Nesse mês a solenidade da Epifania do Senhor, que em nosso calendário é marcada para o dia 06 de janeiro, mas depois da reforma do calendário litúrgico em 1969, passou a ser celebrada dois domingos após o Natal.

 

A palavra Epifania vem do grego e significa aparição, manifestação, um fenômeno miraculoso. A Igreja celebra como Epifania três eventos da vida de Jesus: a manifestação aos Magos do Oriente (Mt 2,1-12), a manifestação diante de João Batista no rio Jordão (Mt 3,13-17; Mc 1,9 e Lc 3,21-23) e o fenômeno do milagre de Cana (Go 2,1-11).

 

Nessa edição iremos nos deter a figura dos Magos do Oriente ou, como popularmente conhecemos, aos reis magos. Muitas perguntas são feitas sobre eles, iremos responder algumas, lembrando que muitas das repostas vêm da tradição oral e popular:

 

Quem eram? Quantos eram? Eram magos? E quais eram seus nomes? 

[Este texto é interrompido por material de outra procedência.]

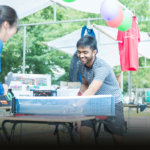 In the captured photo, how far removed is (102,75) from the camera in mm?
2328

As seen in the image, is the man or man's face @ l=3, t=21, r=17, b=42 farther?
the man

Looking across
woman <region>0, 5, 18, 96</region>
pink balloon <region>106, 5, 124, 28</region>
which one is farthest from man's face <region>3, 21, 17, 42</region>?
pink balloon <region>106, 5, 124, 28</region>

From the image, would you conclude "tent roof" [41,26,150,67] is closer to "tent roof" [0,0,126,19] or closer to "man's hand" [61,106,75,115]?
"tent roof" [0,0,126,19]

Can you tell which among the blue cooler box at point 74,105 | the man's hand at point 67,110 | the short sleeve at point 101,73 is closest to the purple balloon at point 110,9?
the short sleeve at point 101,73

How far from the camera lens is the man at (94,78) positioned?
7.61ft

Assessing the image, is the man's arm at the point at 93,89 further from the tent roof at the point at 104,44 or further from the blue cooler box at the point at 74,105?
the tent roof at the point at 104,44

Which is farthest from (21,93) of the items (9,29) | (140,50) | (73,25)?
(73,25)

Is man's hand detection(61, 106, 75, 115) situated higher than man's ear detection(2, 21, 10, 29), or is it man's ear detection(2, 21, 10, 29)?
man's ear detection(2, 21, 10, 29)

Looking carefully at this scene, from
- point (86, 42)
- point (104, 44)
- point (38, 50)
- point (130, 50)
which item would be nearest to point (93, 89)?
point (86, 42)

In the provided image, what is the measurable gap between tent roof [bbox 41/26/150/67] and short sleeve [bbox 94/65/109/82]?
4460mm

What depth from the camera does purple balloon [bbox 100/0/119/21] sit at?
4264 mm

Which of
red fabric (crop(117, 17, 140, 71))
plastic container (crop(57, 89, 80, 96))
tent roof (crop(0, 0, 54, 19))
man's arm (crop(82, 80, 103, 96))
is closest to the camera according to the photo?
man's arm (crop(82, 80, 103, 96))

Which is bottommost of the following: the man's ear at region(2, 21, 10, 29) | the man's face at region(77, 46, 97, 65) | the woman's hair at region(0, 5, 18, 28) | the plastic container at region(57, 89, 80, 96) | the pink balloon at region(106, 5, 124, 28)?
the plastic container at region(57, 89, 80, 96)

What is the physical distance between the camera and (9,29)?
1.93 m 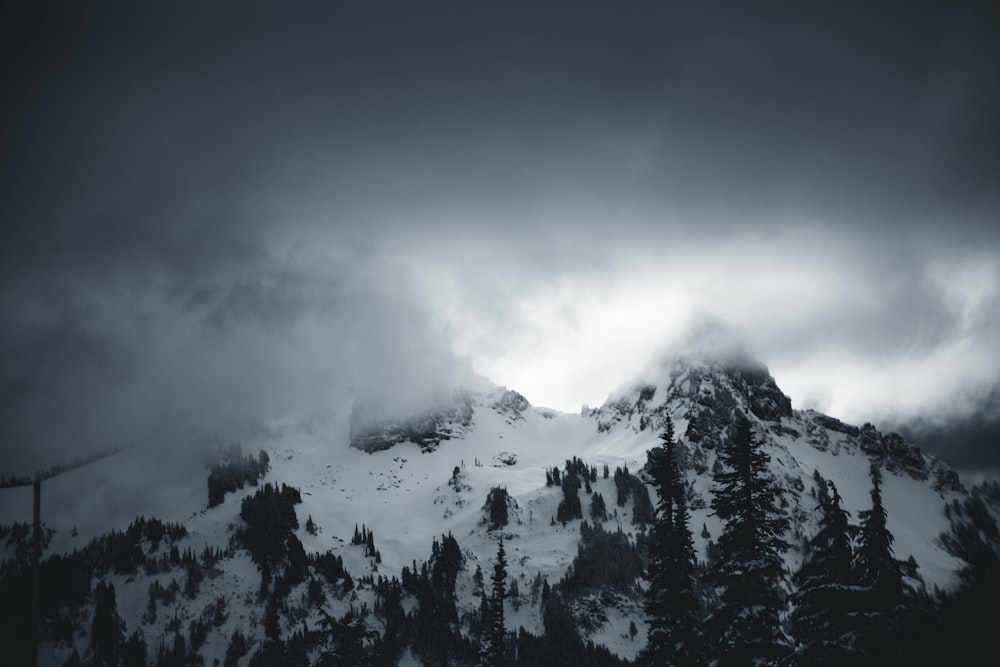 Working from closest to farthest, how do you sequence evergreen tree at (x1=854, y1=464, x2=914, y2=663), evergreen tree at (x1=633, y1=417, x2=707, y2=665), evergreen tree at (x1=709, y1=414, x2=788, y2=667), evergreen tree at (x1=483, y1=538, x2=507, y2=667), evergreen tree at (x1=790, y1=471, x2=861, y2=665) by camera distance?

Eram sábios que vinham ‘do Leste’ (considerando Israel como referência) para adorar a Cristo. O nome ‘mago’ era sinônimo de sábio. Eram considerados grandes estudiosos dos astros, por isso considerados astrônomos, como também sacerdotes ou conselheiros. Dizemos que são três pela quantidade de presentes que foram entregues ao menino, pois o evangelista Mateus não diz quantos eram. O evangelho cita os seus nomes, somente se referem a magos vindo do oriente.

 

Ora de onde vêm os nomes deles então?

Os nomes que receberam vêm da tradição, mas não possuem base histórica ou bíblica. No século VIII, São Beda, monge inglês, que em seu tratado “Excerpta et Colletanea”, relata que:  “Melquior (Belquior) era velho de setenta anos, de cabelos e barbas brancas, tendo partido de Ur, terra dos Caldeus. Gaspar era moço, de vinte anos, robusto e partira de uma distante região montanhosa, perto do Mar Cáspio. E Baltasar era mouro, de barba cerrada e com quarenta anos, partira do Golfo Pérsico, na Arábia Feliz”. (São Beda – Excerpta et Colletanea). Esses nomes tem um significado forte: Melquior quer dizer: “Meu Rei é Luz”, Gaspar significa “aquele que vai inspecionar” e Baltasar se traduz por “Deus manifesta o Rei”.

 

E quantos aos presentes? 

A tradição nos ensina que cada presente tem um significado simbólico: o ouro mostra o reconhecimento da realeza de Jesus, pois na antiguidade era um presente reservado aos reis, o incenso (ou olíbano) reconhece a divindade, presente reservado aos sacerdotes e a mirra o reconhecimento da sua humanidade, presente destinado aos profetas, utilizada para embalsamar os corpos e representada simbolicamente a imortalidade.

 

De onde vinha e o que houve com eles depois de terem visto Jesus? 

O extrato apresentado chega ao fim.